▸ **REQUIRED ACTION**:
Transcribe the lines below verbatim, skipping the images.

▸ **INFORMATION SHOWN**:
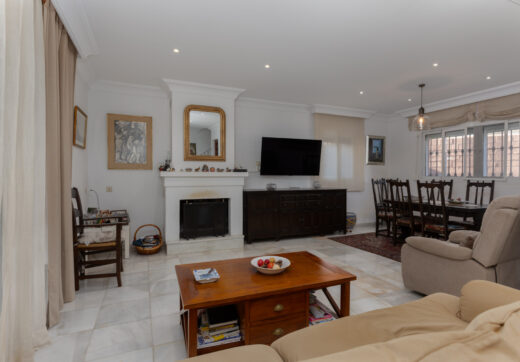 Villa for Sale in Las Petunias, San Pedro de Alcántara – Excellent Investment Opportunity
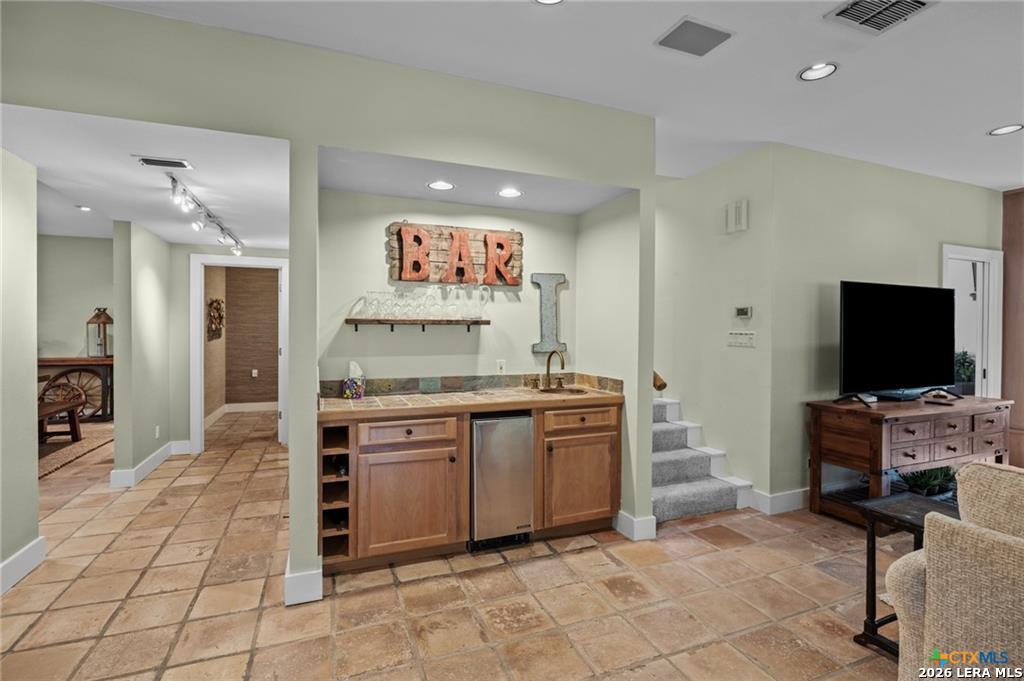 70 Guada Coma, New Braunfels, TX 78130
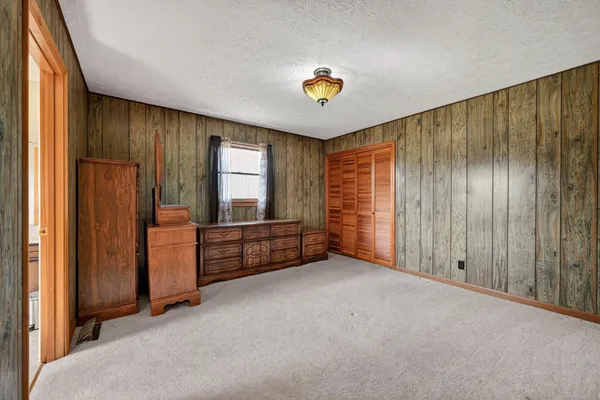 $750,000 | 8093 Highway 350, Aurora, IN 47001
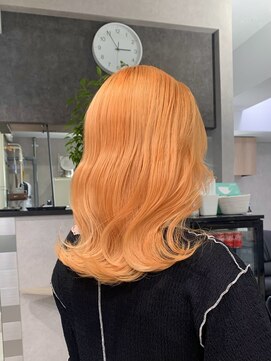 ロウル 渋谷(LOWRL) オレンジカラー/ミディアム/ダブルカラー/ケアブリーチ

▸ **ANSWER BOX**:
 Villa for Sale in Las Petunias, San Pedro de Alcántara – Excellent Investment Opportunity
 70 Guada Coma, New Braunfels, TX 78130
 $750,000 | 8093 Highway 350, Aurora, IN 47001
 ロウル 渋谷(LOWRL) オレンジカラー/ミディアム/ダブルカラー/ケアブリーチ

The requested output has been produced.